Empowering women, lifting up communities

By identifying local market demand and providing support and training, Heifer International and partners are paving the way for women to earn living incomes.

Detailed map highlighting the geographic locations of past and active projects in Guatemala.
Location
Sololá, Alta and Baja Verapaz, Guatemala
Products
Textiles, Organic Vegetables, Poultry

When women have control over their income and productive assets like farmland, all family members benefit. They eat better quality food, kids go to school, and the whole family’s health improves.

The Women’s Empowerment and Entrepreneurship project works with existing community groups of indigenous women – helping to set up groups where they don’t already exist – in Sololá and the Alta and Baja Verapaz regions to boost their incomes. Almost all households in these regions are male-led, with women having identified being able to generate their own income as potentially transformative for them.
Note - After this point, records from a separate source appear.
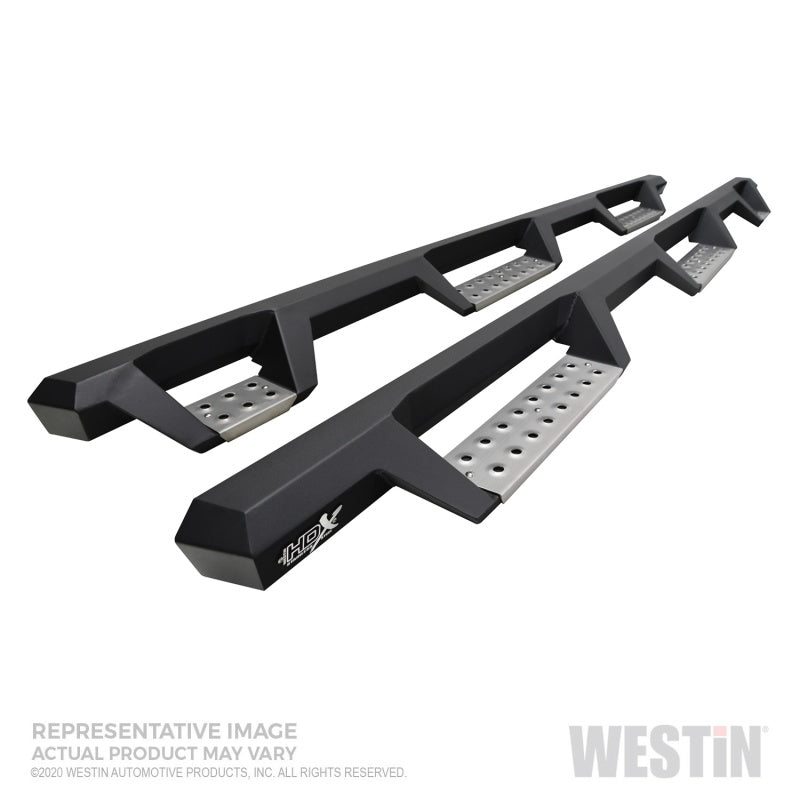Westin Chevy Silverado 2500/3500 HDX Stainless Drop W2W Nerf Step Bars - Textured Black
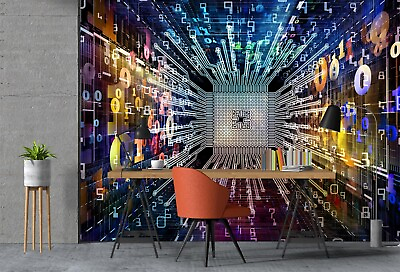 #ad 3D Digital Space G7579 Wallpaper Wall Murals Removable Self adhesive Erin AU $374.99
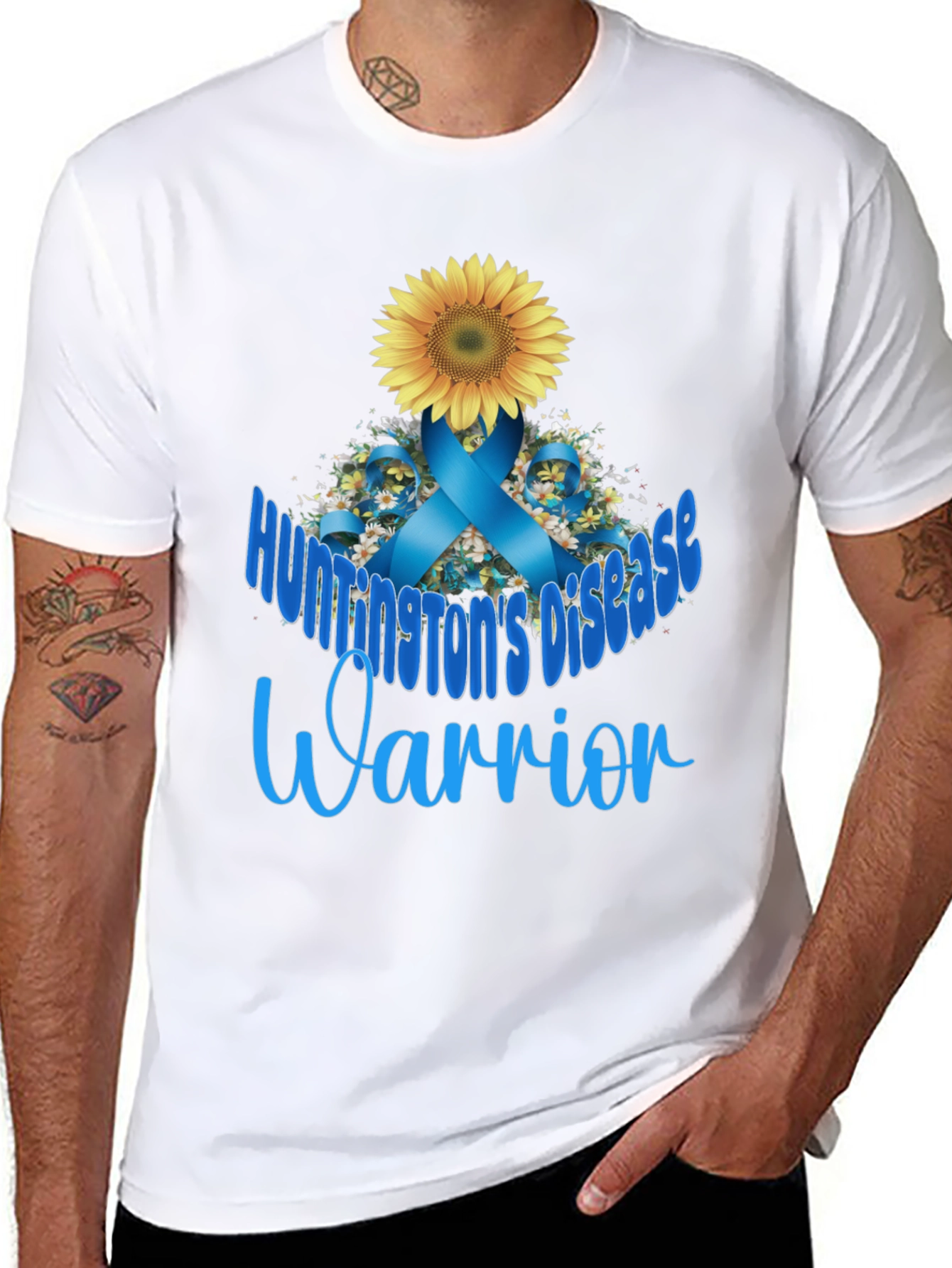 Huntingtons Disease Warrior T-Shirt Sunflower Blue Ribbon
Research conducted by the women, working together with our in-country team, identified three markets with significant income-generation potential – fibers and dyes for textiles, organic vegetables and free-range poultry.

With support from our project teams, women farmers have been able to improve their processes for producing high-quality, organic vegetables. They are also setting up irrigation systems to further increase the productivity of their farms.

Through the project, the women have been able to improve their processes for raising cage-free chickens. They are selling eggs and chicken meat to restaurants in Guatemala City, Quetzaltenango and Antigua, where there is high demand for these premium products – and where they fetch better prices.

Local markets remain a priority, with access key to the long-term success of the project. There is strong demand for textiles, and the indigenous designs are particularly popular with tourists.

By the time the project ends in 2021, women farmers are projected to have saved more than $1 million in group savings through their cooperatives. Much of this money will then be reinvested into their businesses as they continue to expand.

The project expects to support the creation of 40 new businesses, each of which will contribute to closing the living income gap for 5,959 women.